DIRECTIONS FOR THIS TASK:
In the entries below, which lines run from the one containing "Cosmic Stickers - Chicken Nugget" to the one containing "Soft Cervical Pillow"? Copy exactly those lines, ends included, and no others.

=== SUPPLIED DATA ===

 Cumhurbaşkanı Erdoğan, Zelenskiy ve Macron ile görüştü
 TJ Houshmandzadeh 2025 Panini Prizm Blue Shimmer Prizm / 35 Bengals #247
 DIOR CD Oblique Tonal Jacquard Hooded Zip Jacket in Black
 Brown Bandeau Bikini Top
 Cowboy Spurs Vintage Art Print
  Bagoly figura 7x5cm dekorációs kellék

===
=== SUPPLIED DATA ===

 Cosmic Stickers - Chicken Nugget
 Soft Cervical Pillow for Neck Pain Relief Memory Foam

===
=== SUPPLIED DATA ===

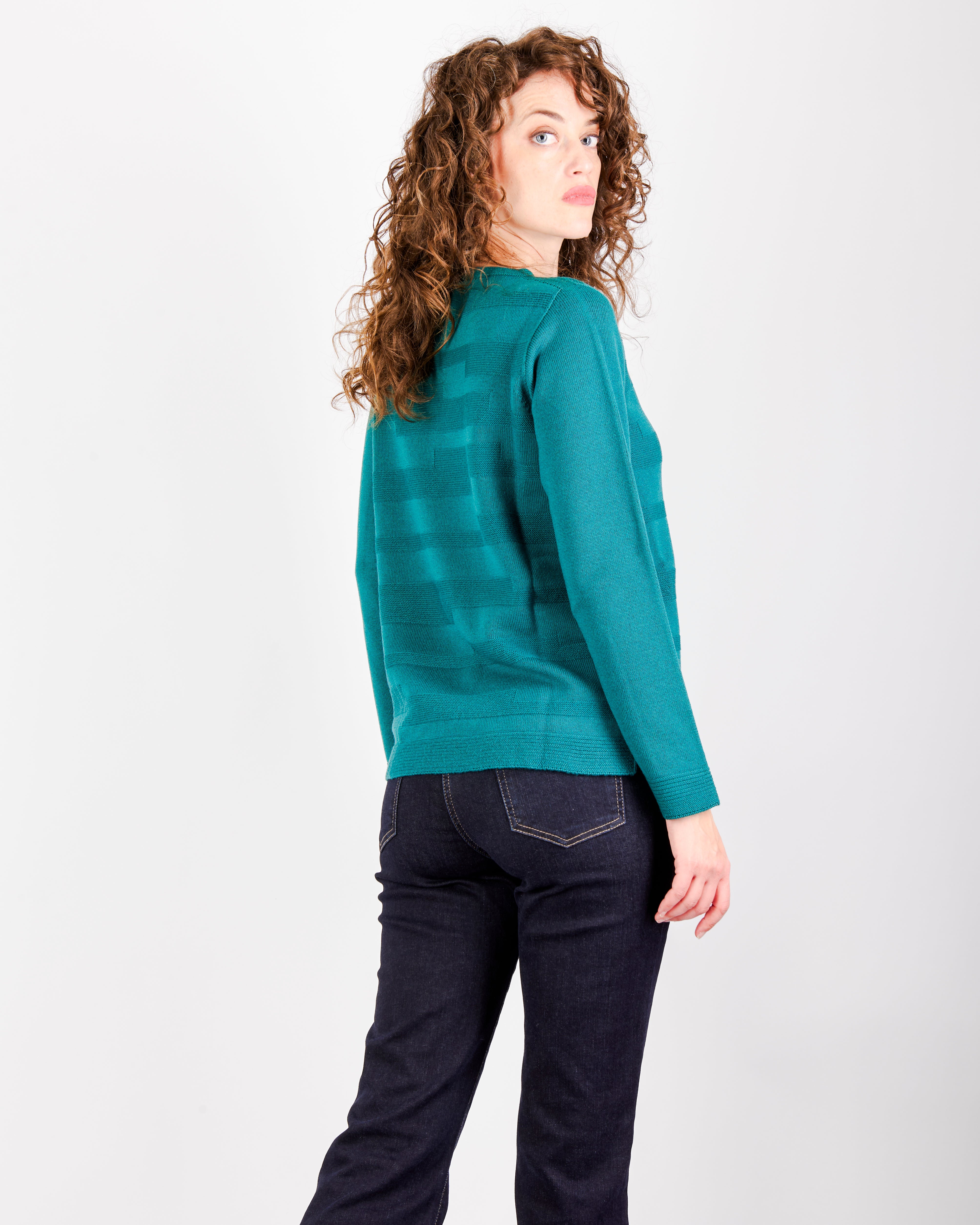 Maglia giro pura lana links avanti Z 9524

===

WRITTEN SOLUTION:
 Cosmic Stickers - Chicken Nugget
 Soft Cervical Pillow for Neck Pain Relief Memory Foam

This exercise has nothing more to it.